> [Information provided]

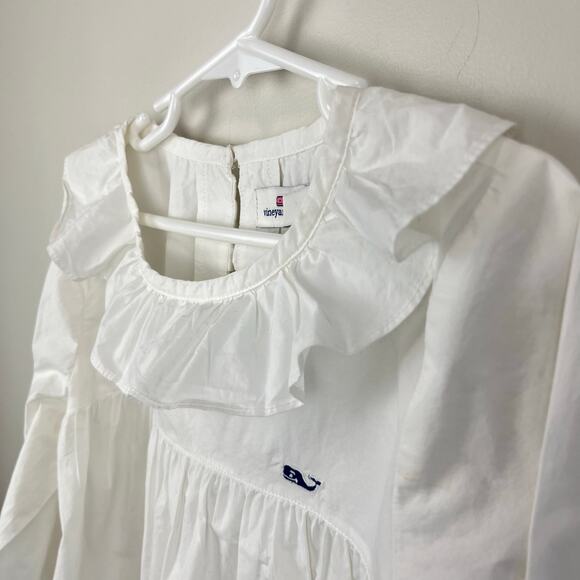 Vineyard Vines White Ruffle Blouse Medium - Picture 4 of 8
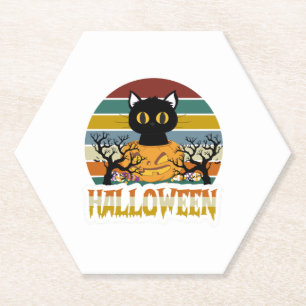 Dessous-de-verre En Papier Cat Halloween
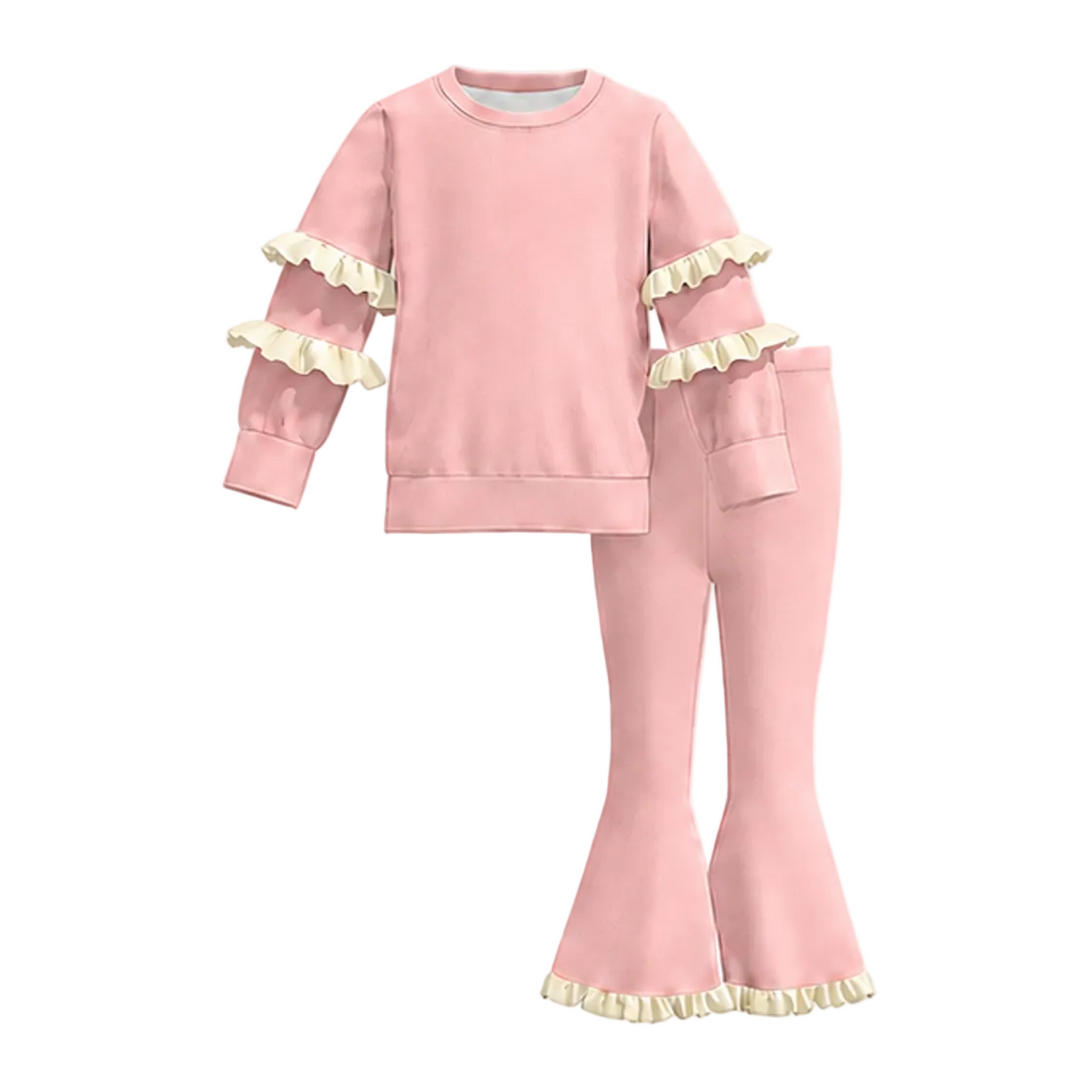 Girls Ruffle Long Sleeve Top & Flare Pants Set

> [Task brief]
With the pictures omitted, copy exactly the lines from the line that contains "Dessous-de-verre En Papier Cat Halloween" through the end of the material.

> [Result]
 Dessous-de-verre En Papier Cat Halloween
 Girls Ruffle Long Sleeve Top & Flare Pants Set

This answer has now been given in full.